TRES A la salida de la película o de la exposición, Aragorn y Gandalf miran fijo desde los flancos de esos autobuses rojos de doble planta tan mastodónticos como los nûmakil y la miseria de Carlos y el fantasma de Di ensucian las primeras planas de tabloides y scandal sheets. La realeza ya no es lo que era, está claro.
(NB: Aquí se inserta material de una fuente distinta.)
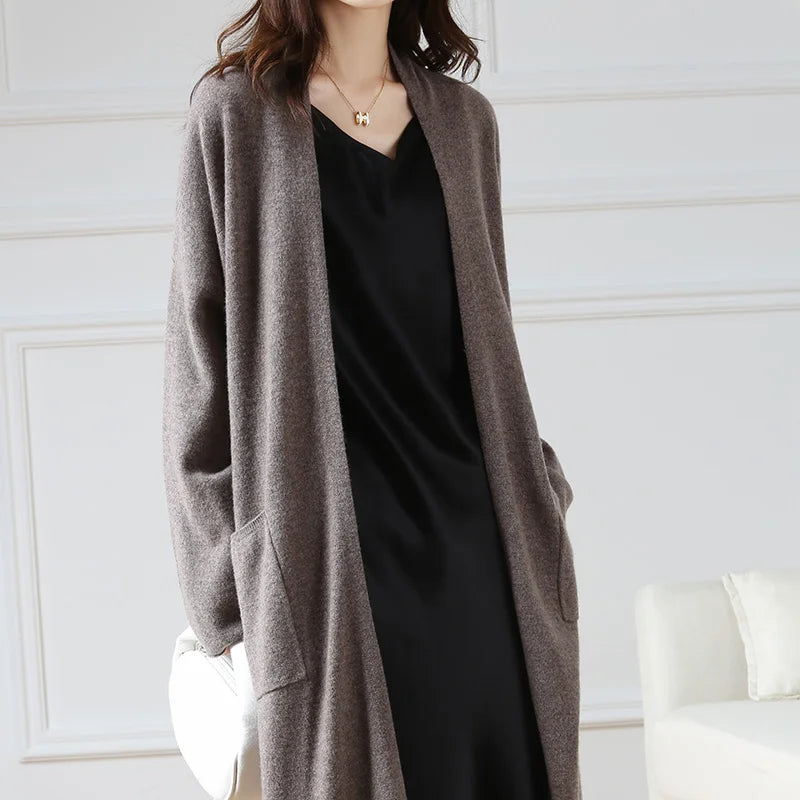 Women's Long Wool V-Neck Cardigan, Loose Fit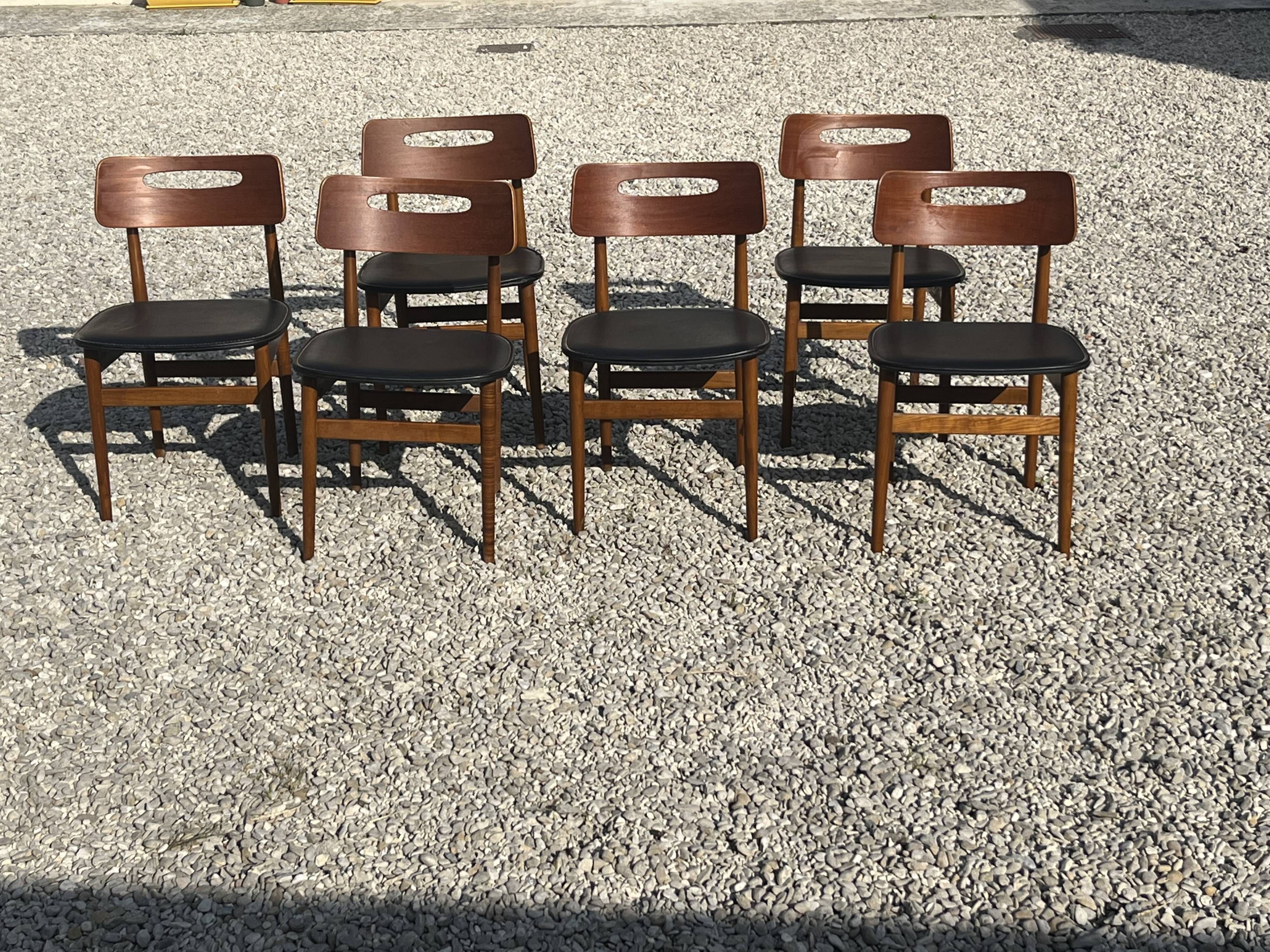 Set de 6 chaises scandinave en teck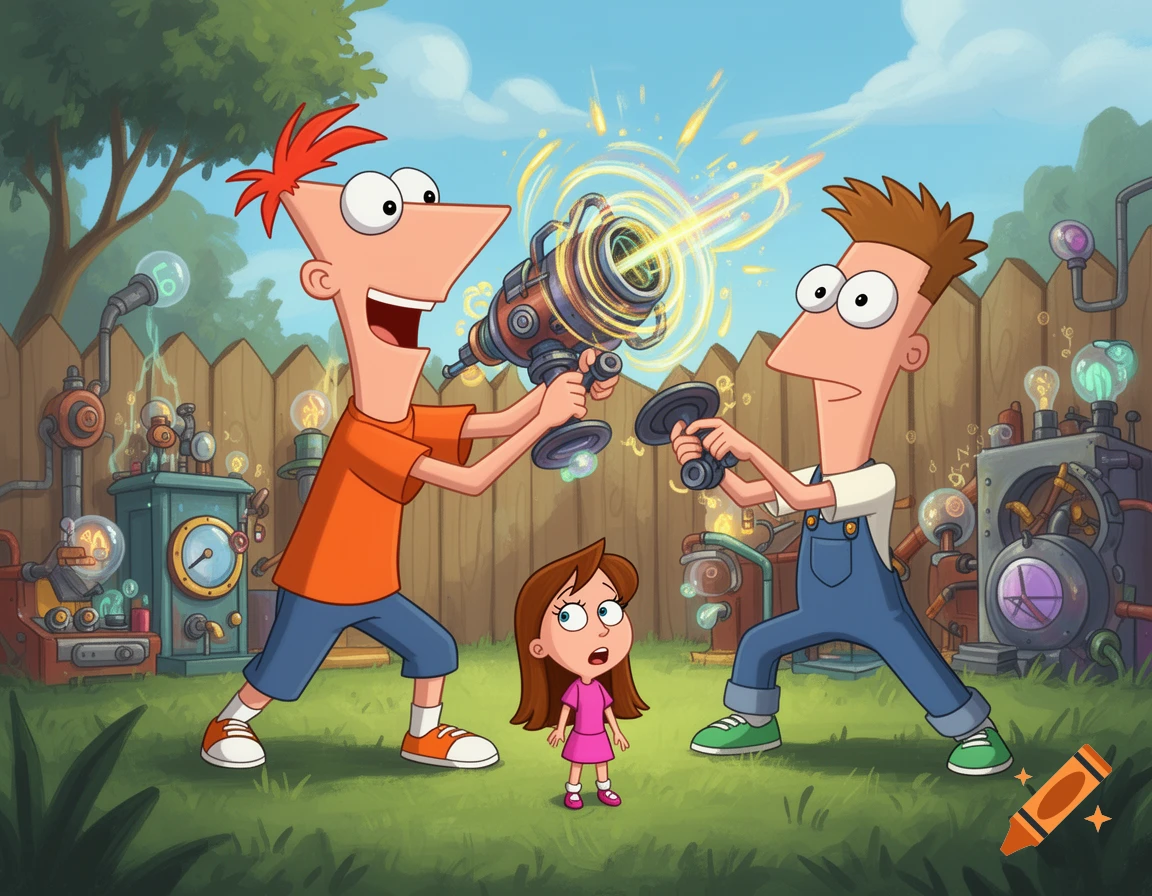 Phineas and Ferb hold a glowing shrink ray while a tiny Candace looks on in a cartoon backyard filled with inventions.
Y lo que se proyecta ahora –a este lado de la pantalla que siempre nos separará de la Tierra Media– es un nuevo episodio del nada épico culebrón de los –se supone– degradados descendientes de aquellos épicos soberanos que lucharon y murieron para vencer a Saurón y a sus orcos. La histéricamente adorada Diana de Gales –más cerca de un tonto espectro que no descansa en paz creado por un bastardo de Shakespeare dedicado al periodismo del corazón que a la tan serena como temible belleza de Galadriel– se prepara para una nueva autopsia de sus últimos días. Se abre una investigación para postergarla y se sigue alimentando la hipótesis de un thriller más esperpéntico que épico –más Fleming que Tolkien– donde se barajan servicios secretos y láseres enceguecedores y otra parafernalia high-tech. Se exhibe una carta paranoica que acusa a un Carlitos que cualquier día de estos volverá a caerse del caballo ante los ojos de una preocupada Camilla mientras los hijos y sucesores pasean la sonrisa cómoda de quienes saben que jamás tendrán que trabajar en su vida, la princesa Ana paga 300 libras la sesión de psicoanálisis de su perro y la sufrida Elizabeth entra y sale de hospitales mientras crecen los rumores –el pueblo es malo y cruel– de que ya está olvidando las líneas de su papel en el primer acto de la obra de Alzheimer. Para los ingleses –está claro– la familia real (no confundir con la familia verdadera) es uno de esos efectos especiales que, de tan repetidos y repetitivos, ya no causa la menor gracia, ya no sorprende a nadie. Una cosa está clara, dentro de miles de años nadie escribirá libro, filmará película o dedicará exposición a las tristes vidas de estos reyes o a las piedras mudas de sus tumbas.